A power plant in Iceland is set to become the first in the world to try turning its carbon dioxide emissions into solid minerals underground, starting this September.
In an $11 million pilot project, Reykjavik Energy will capture CO2 from its plant, dissolve the gas in water and inject it deep into volcanic basalt nearby. Over the nine-month study, some 2,000 tons of greenhouse gas will be treated.
At the start of the demonstration, Reykjavik Energy and its partners–Columbia University’s Earth Institute, the University of Iceland and the Centre National de la Recherche Scientifique in France–will hold a conference on carbon sequestration in Iceland.

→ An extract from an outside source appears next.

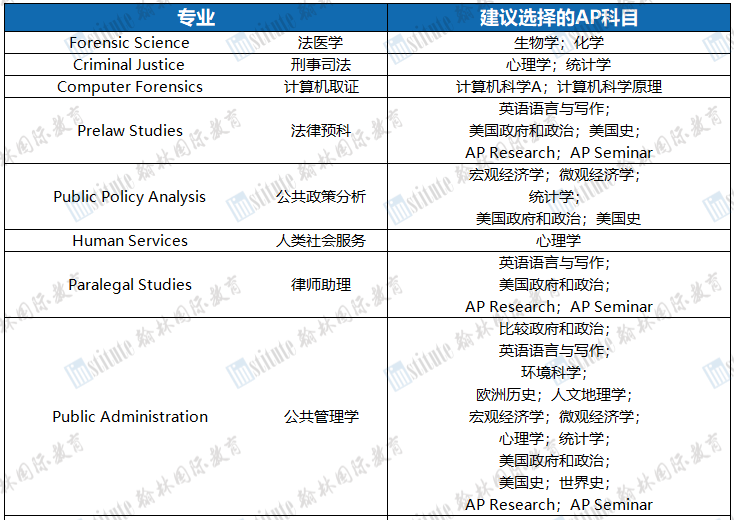 CB官方建议！申请美国大学不同专业，选择哪些AP科目更合适？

Ninety percent of Iceland is made up of basalt, a rock that reacts naturally with carbon dioxide to form a harmless, solid carbonate–basically, limestone. By speeding up the process, called carbon mineralization, some scientists see a potentially safer alternative to pumping CO2 into empty oil reservoirs and other porous spaces below ground, where leaks could one day occur.
Juerg Matter, a geochemist at Lamont-Doherty Earth Observatory involved in the research, said, “If CO2 is dissolved in water, it is less mobile – it can’t go out. It then reacts with basalt to form carbonate.”
Three conventional storage projects that do not employ mineralization are already underway in Canada, Algeria and in the North Sea, where companies are injecting about one million tons of carbon dioxide a year below ground. The North Sea project—run by a Norwegian oil company–has stashed 10 million tons in a sandstone reservoir below the seabed. Another researcher at Lamont, Scott Nooner, is part of a team of scientists monitoring the site.
Reykjavik Energy has spent the last two years building a plant to capture and treat its CO2 emissions. The company is paying for about 45 percent of the project, with Columbia and its partners picking up the rest.
Only a small part of the CO2 sent down is expected to mineralize during the nine-month study period; the reaction could take years to complete. Another type of rock that Matter and his colleagues have studied, peridotite, is able to break down CO2 much faster, but that research has not yet reached a commercial stage.